The coronavirus pandemic has been eye-opening for society in so many ways, revealing enormous structural problems like income inequality and access to healthcare, but it has also shown Americans that what happens in the world can have a huge impact on our daily lives. Retreating behind our borders hasn’t stopped a virus or any of our other major problems from hitting us right where we live. And our domestic policies and pandemic response have lost us a lot of respect abroad. Katie Couric talks to Richard Haass, president of the Council on Foreign Relations and author of the book The World: A Brief Introduction, about whether or not we can restore America’s place on the world stage on this episode of Next Question.

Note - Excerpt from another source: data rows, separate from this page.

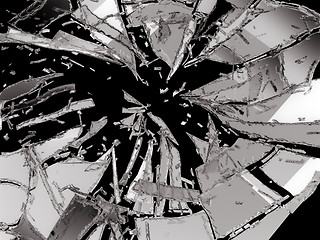 Image showing Broken and damaged glass isolated over black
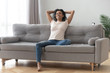 © fizkes - Serene smiling african woman resting on couch at home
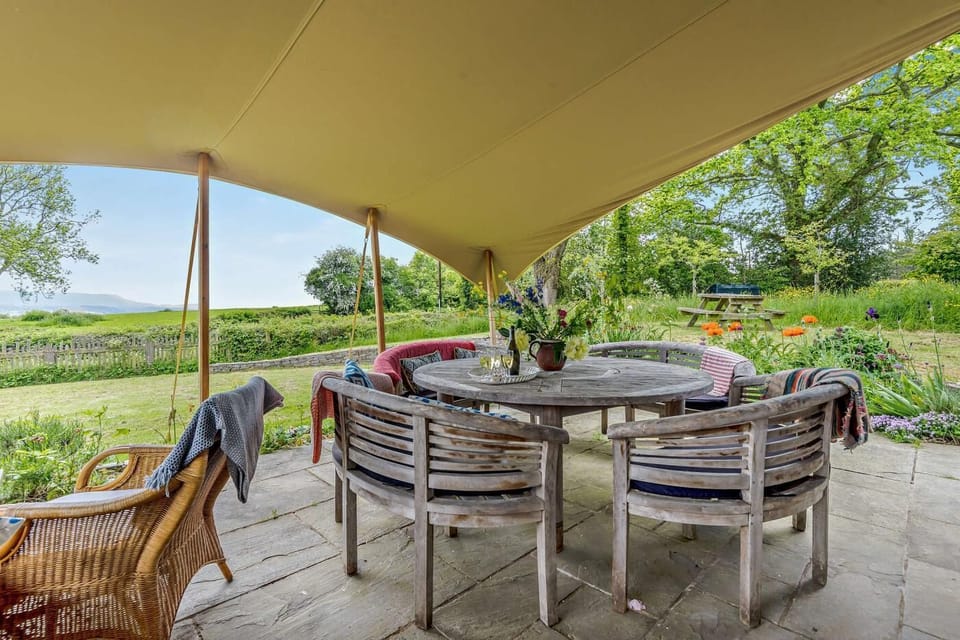 The covered patio is an extension of the kitchen/diner area
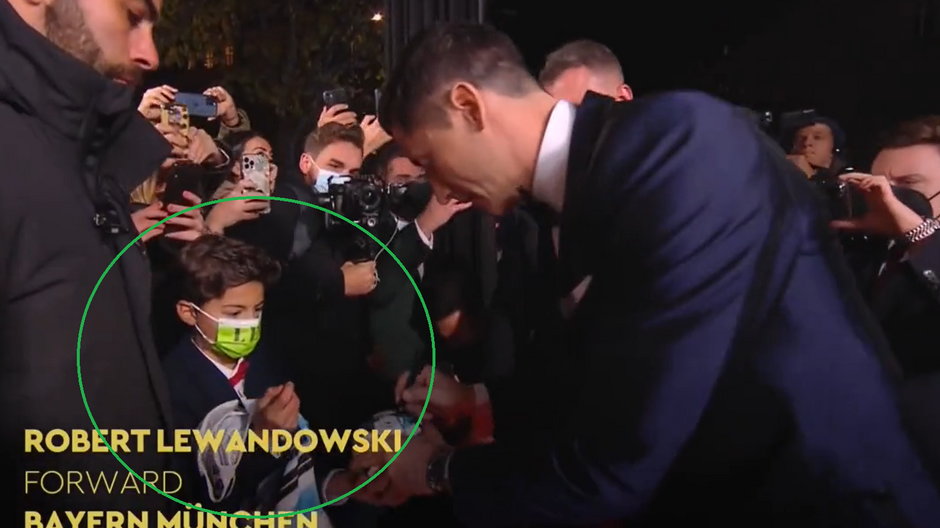 Robert Lewandowski podpisuje piłkę młodemu kibicowi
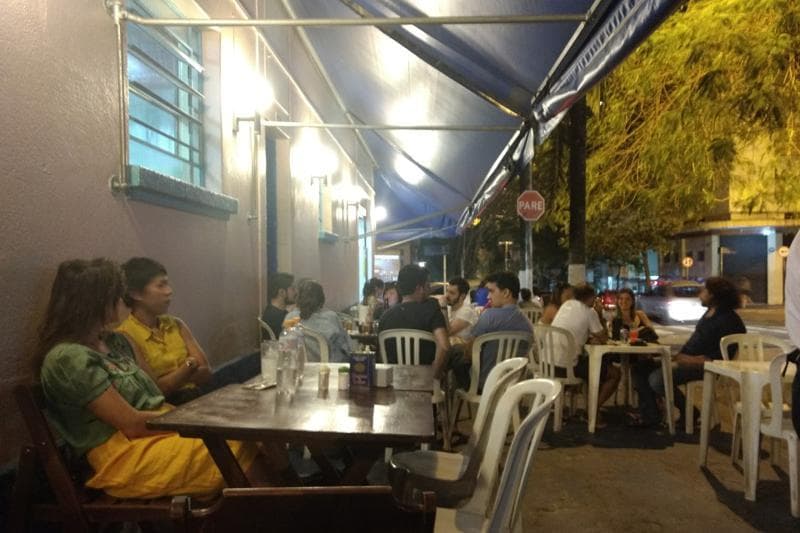 Peixes fritos e espetinhos, além de bolinhos de bacalhau com chope, em espaço informal com mesas na calçada.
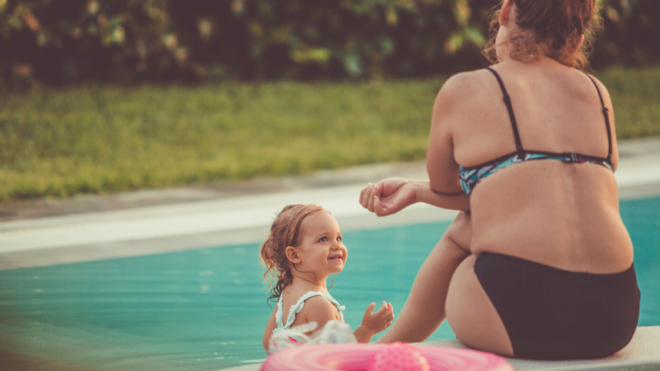 woman in bikini by the pool with a child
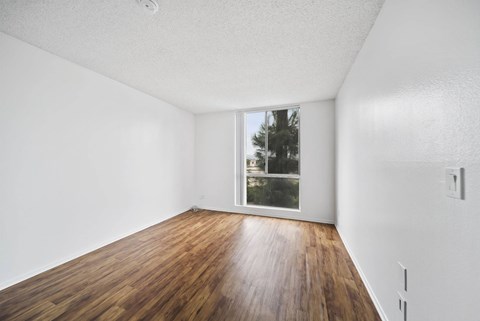 A room with wooden floors and a window showing trees outside.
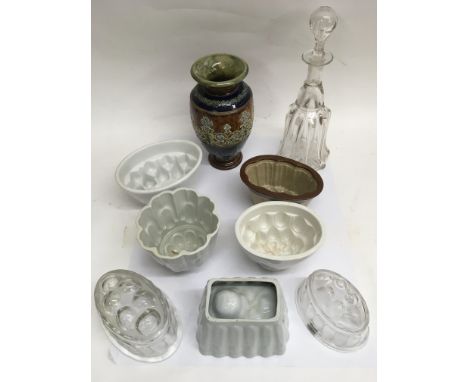 A Doulton Lambeth vase, group of ceramic jelly moulds and a glass bell decanter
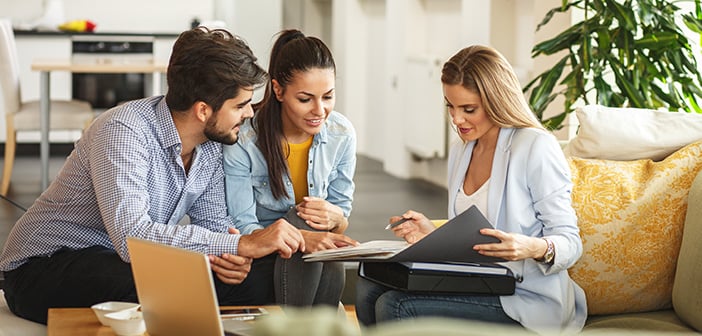 a couple going over business documents in a living room with an agent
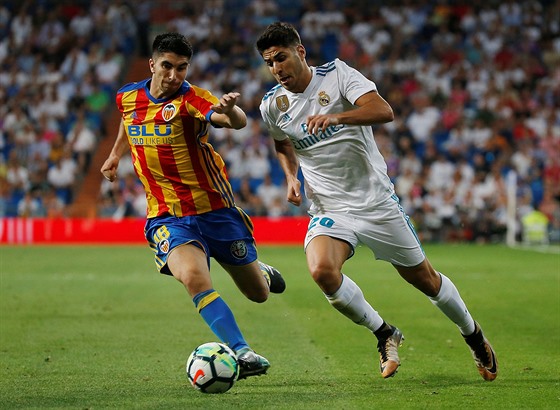 Marco Asensio z Realu Madrid utíká Carlosi Solerovi z Valencie.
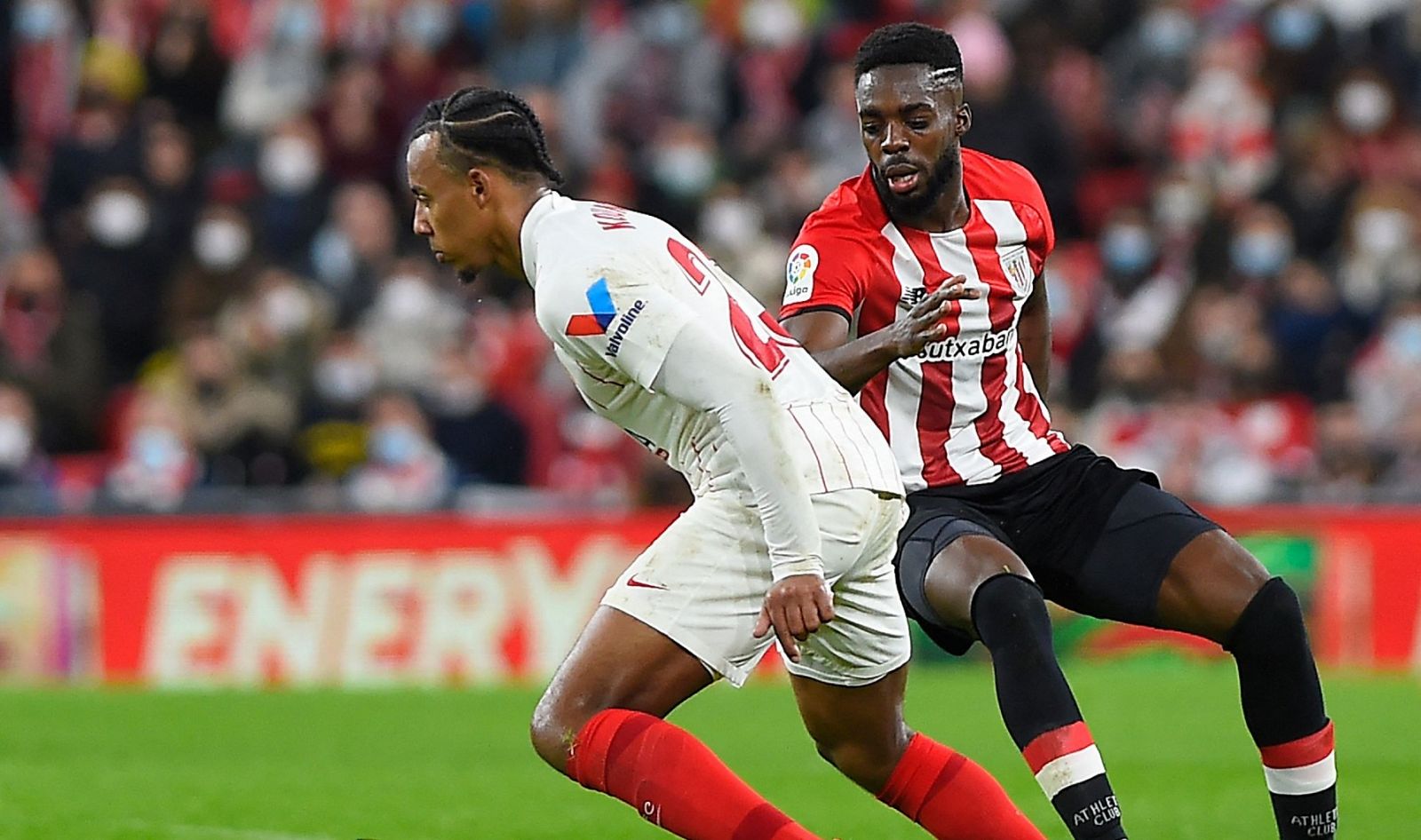 El sevillista Jules Kounde (i) y el jugadorf del Athletic Iñaki Williams (d) durante el partido de San Mamés.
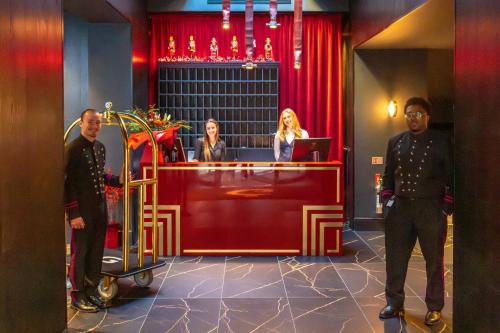 a group of people standing in front of a reception desk at Hotel Gotham Newcastle in Newcastle upon Tyne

Without political leaders explaining it or our education system teaching it, Americans became less and less interested in foreign relations, Richard says, causing a “return to form” of an isolationist stance. But we should know by now that what happens in the world does affect us: “We learned on 9/11 that terrorists that were trained in Afghanistan could cause deaths at home….We learned that a virus in Wuhan can travel around the world….nearly 100,000 Americans have lost their lives,” he says. “We ignore it to our peril. Isolationism is not a solution to anything.” Terrorism, climate change, and the pandemic are all problems we have in common, and we need each other to fix them; we have to work together to find solutions. But America isn’t participating: We opted out of the European-led effort to collaborate with world governments to find a Covid vaccine; we’re supposed to be “tough on China” but we didn’t join the Trans-Pacific Partnership; we withdrew from the Paris Agreement. To foreign leaders, “we’re essentially missing in action,” he says. “We can’t be counted on abroad, and at home, we’re not setting a standard of behavior they’re used to….so now we have less influence.” 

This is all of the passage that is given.